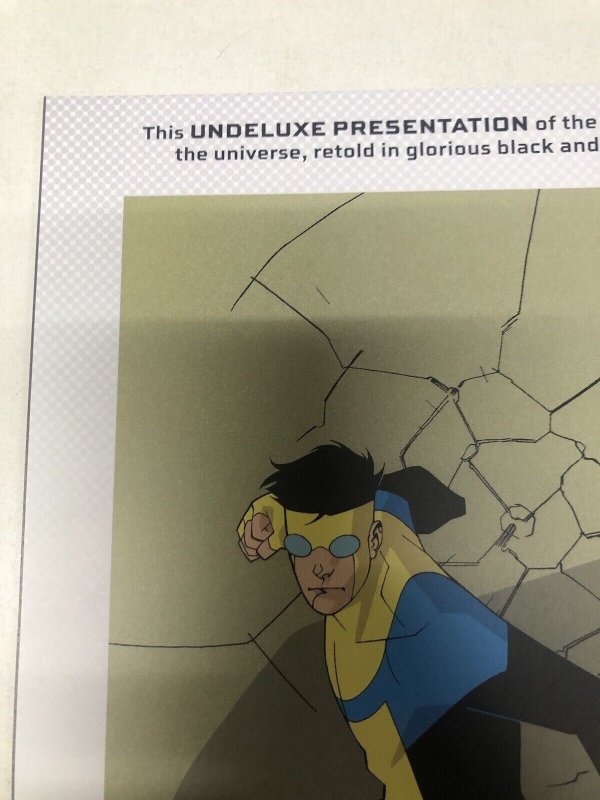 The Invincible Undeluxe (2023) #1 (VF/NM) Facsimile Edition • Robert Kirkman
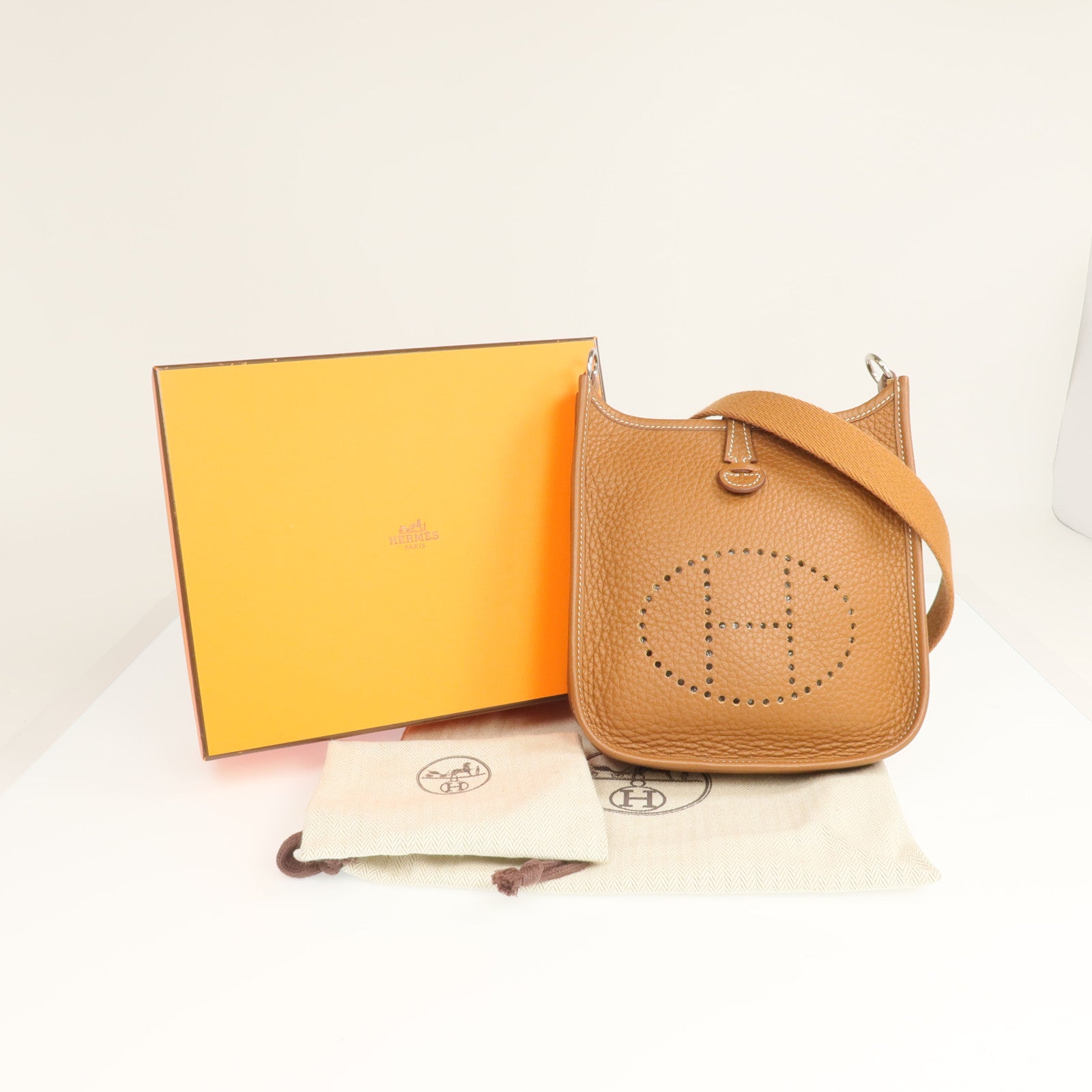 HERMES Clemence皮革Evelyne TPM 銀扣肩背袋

------------------------------------------------------------------------

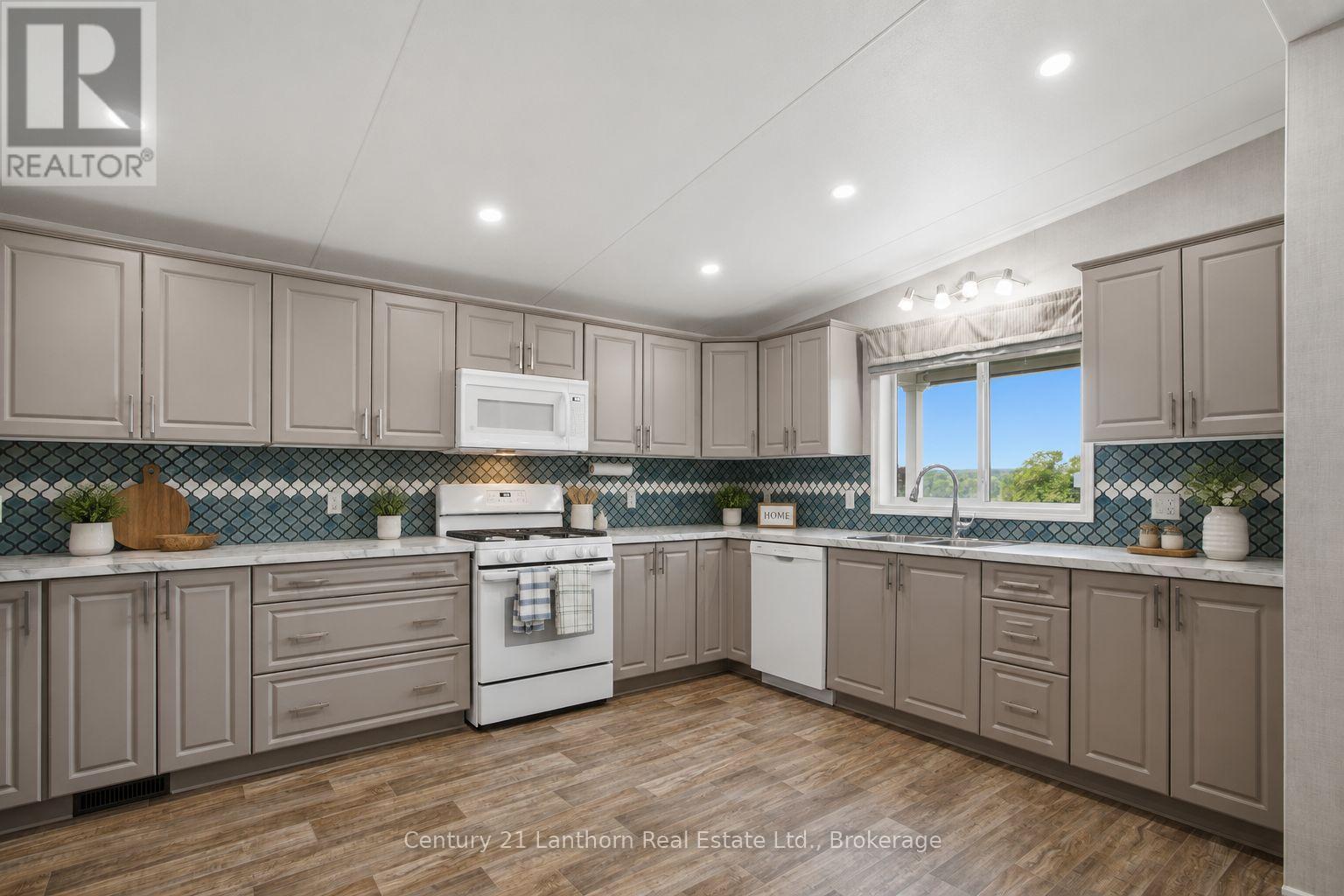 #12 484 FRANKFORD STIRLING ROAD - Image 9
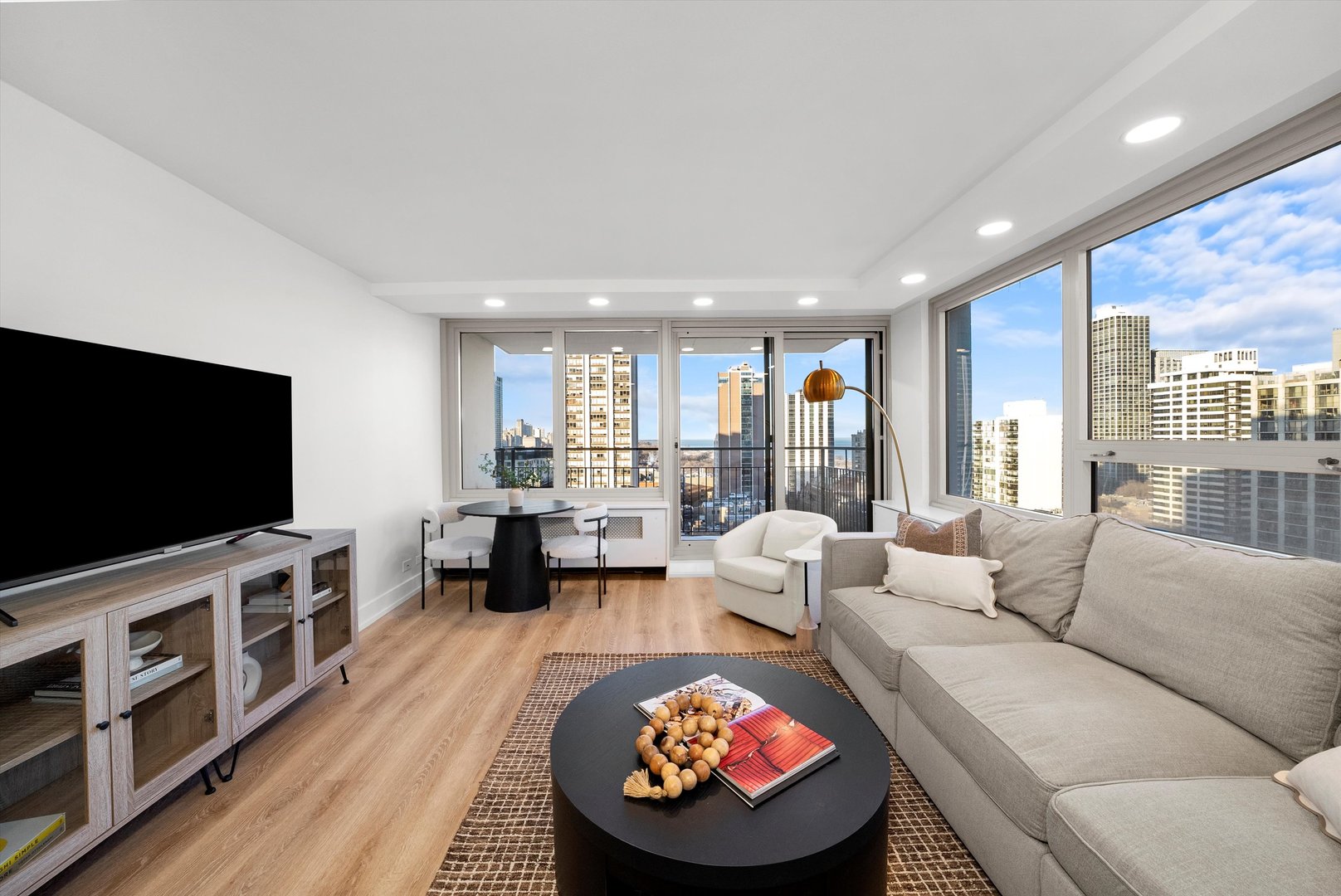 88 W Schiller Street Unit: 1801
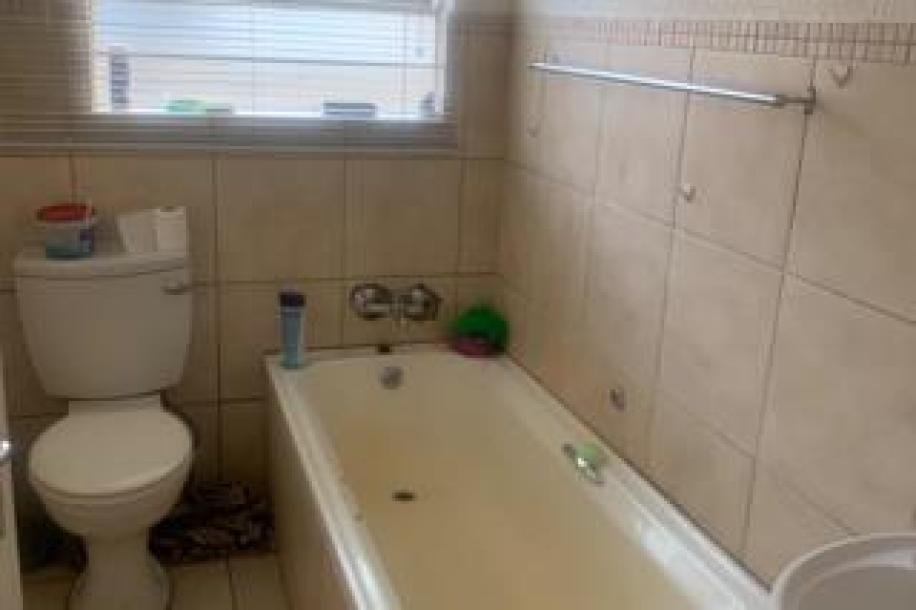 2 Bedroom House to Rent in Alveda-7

------------------------------------------------------------------------

◆ WHAT IS BEING ASKED ◆
Using the records above, return word for word the lines that begin at the one containing "The Invincible Undeluxe" and end at the one containing "HERMES Clemence皮革Evelyne TPM 銀扣肩背袋", both of them included and no pictures.

◆ REPLY ◆
 The Invincible Undeluxe (2023) #1 (VF/NM) Facsimile Edition • Robert Kirkman
 HERMES Clemence皮革Evelyne TPM 銀扣肩背袋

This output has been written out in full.